WHAT IS BEING ASKED. Please produce an exact transcription of the lines from the one containing "Photo of model Ginta Lapina - ID 201674" through the last line of the entries, leaving out every picture.

Short descriptive text snippets:
- Opening Delimiter -

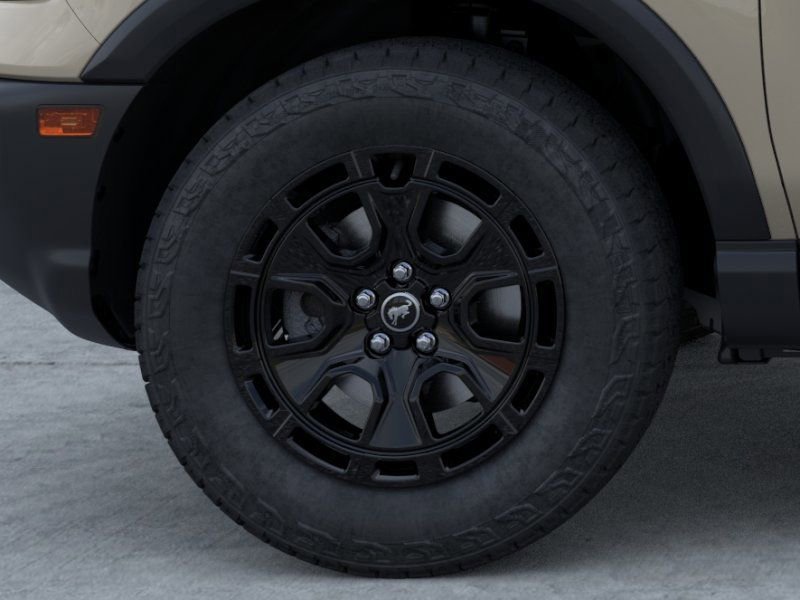 New 2025 Ford Bronco Sport Badlands w/ Sasquatch Badlands Package AWD/4WD image 20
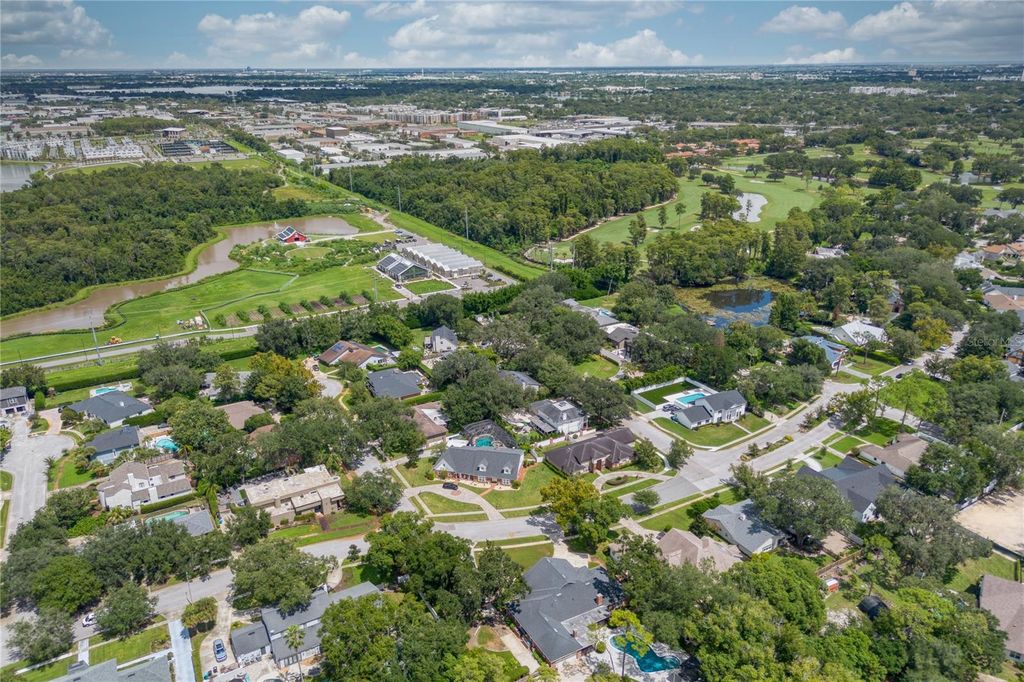 Image 42 of property listing at 2335 FOREST CLUB DRIVE, Orlando, FL 32804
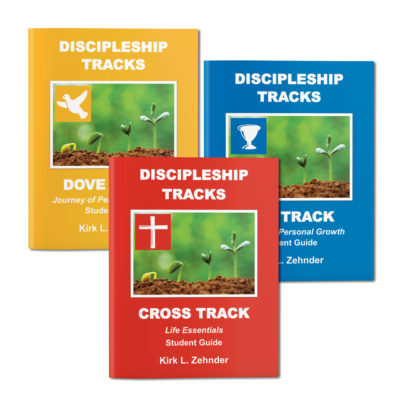 Discipleship Tracks-English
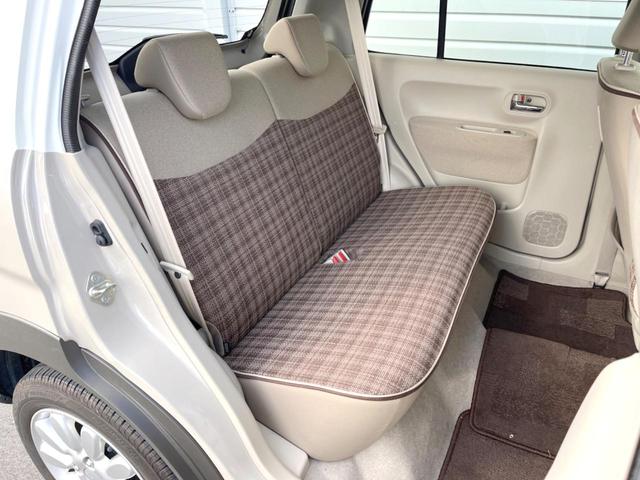 アルトラパン X 純正8インチナビ 衝突被害軽減システム 禁煙車 シートヒーター スマートキー HIDライト ETC ワンオーナー オートライト オートエアコン 純正14インチAW Bluetooth フルセグ(9枚目)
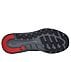 ARCH FIT 2, BLACK/RED Footwear Bottom View
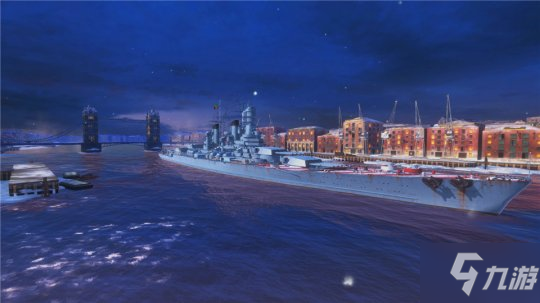 顶级战舰抢先玩《战舰世界闪击战》I系战列舰提前体验活动开启！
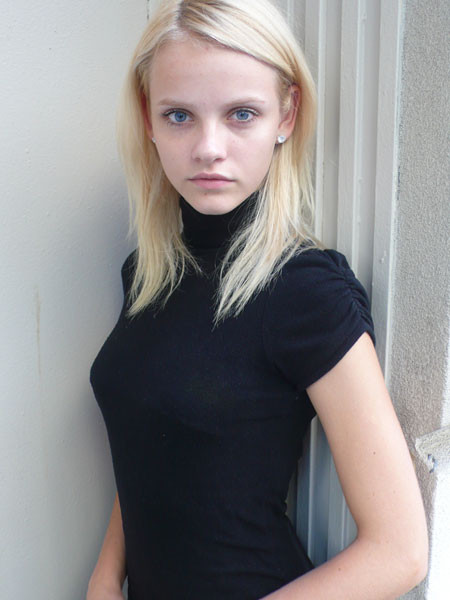 Photo of model Ginta Lapina - ID 201674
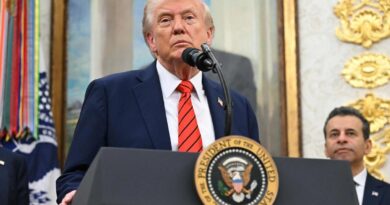 Donald Trump Asistirá a Cumbre de Líderes en Egipto Centrada en el Futuro de Gaza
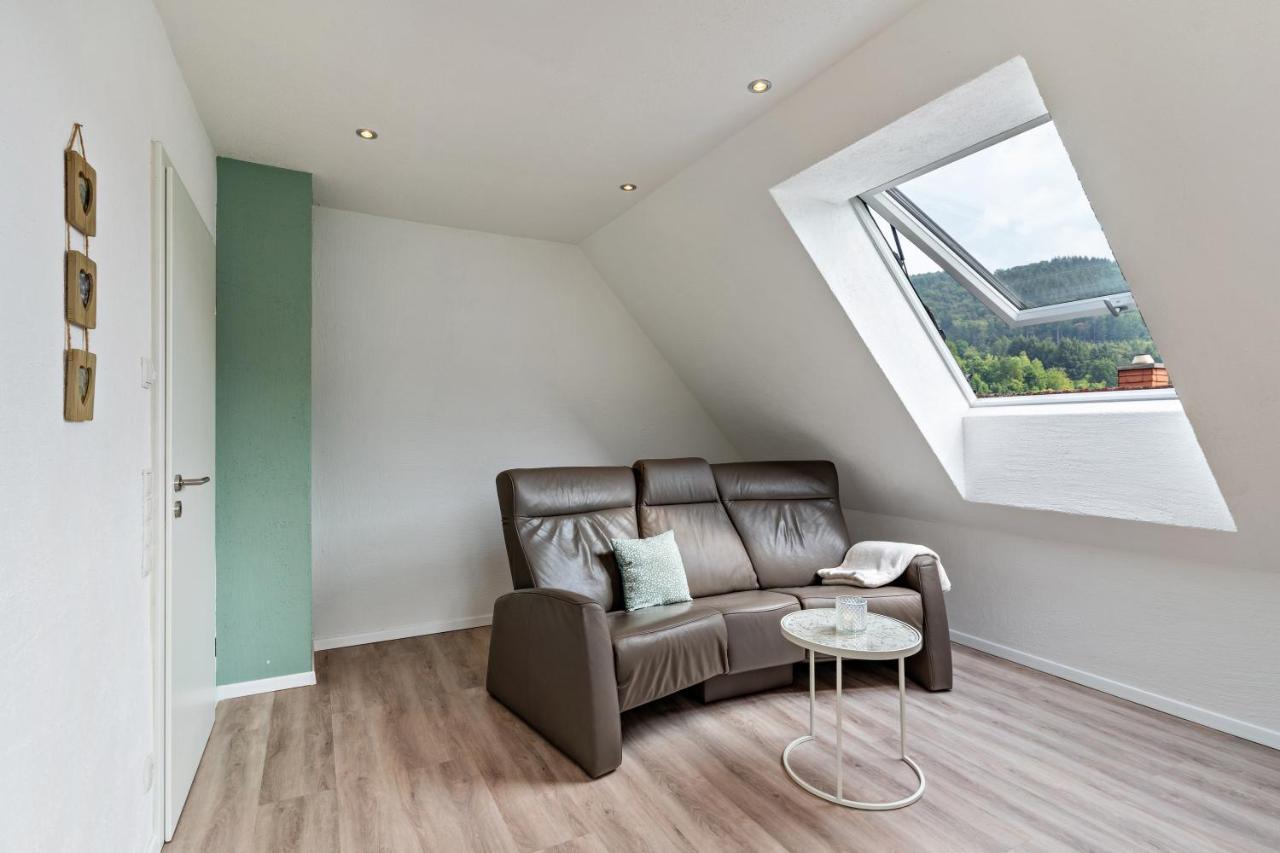 Haus 23 Daire Ettenheim Dış mekan fotoğraf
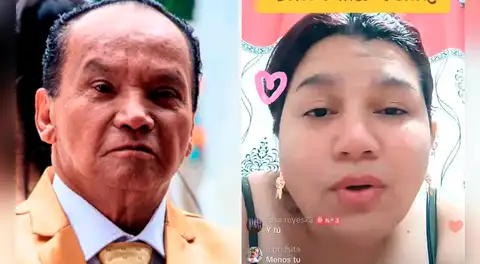 Monserrat Seminario confiesa por qué no trabajó durante los 17 años que estuvo con Melcochita: “Mi esposo no quería”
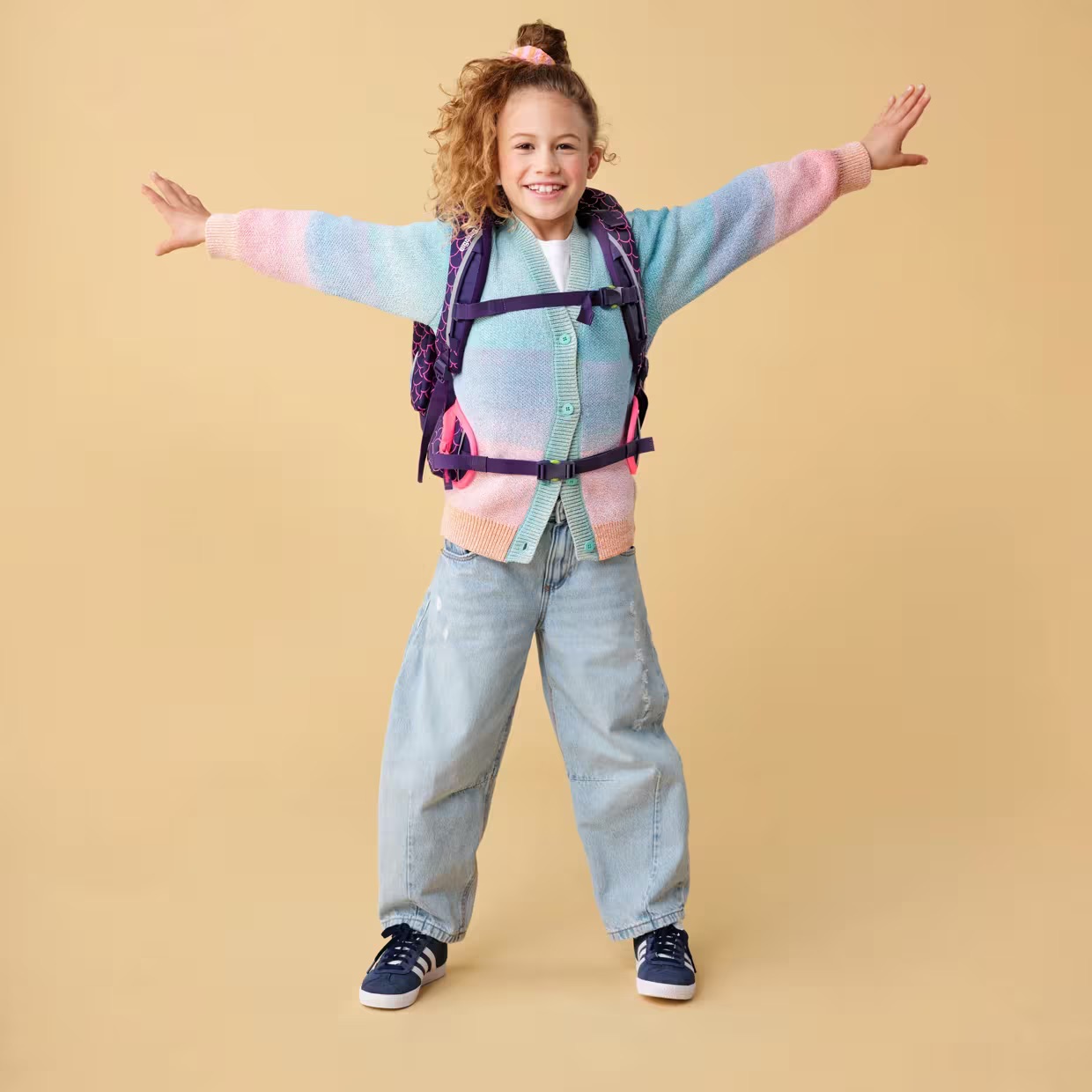 ergobag Schulranzen-Set Maxi 2025/2026 PerlentauchBär ergobag Schulranzen-Set Maxi 2025/2026 PerlentauchBär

- Closing Delimiter -

ANSWER TO THE EXERCISE.
 Photo of model Ginta Lapina - ID 201674
 Donald Trump Asistirá a Cumbre de Líderes en Egipto Centrada en el Futuro de Gaza
 Haus 23 Daire Ettenheim Dış mekan fotoğraf
 Monserrat Seminario confiesa por qué no trabajó durante los 17 años que estuvo con Melcochita: “Mi esposo no quería”
 ergobag Schulranzen-Set Maxi 2025/2026 PerlentauchBär ergobag Schulranzen-Set Maxi 2025/2026 PerlentauchBär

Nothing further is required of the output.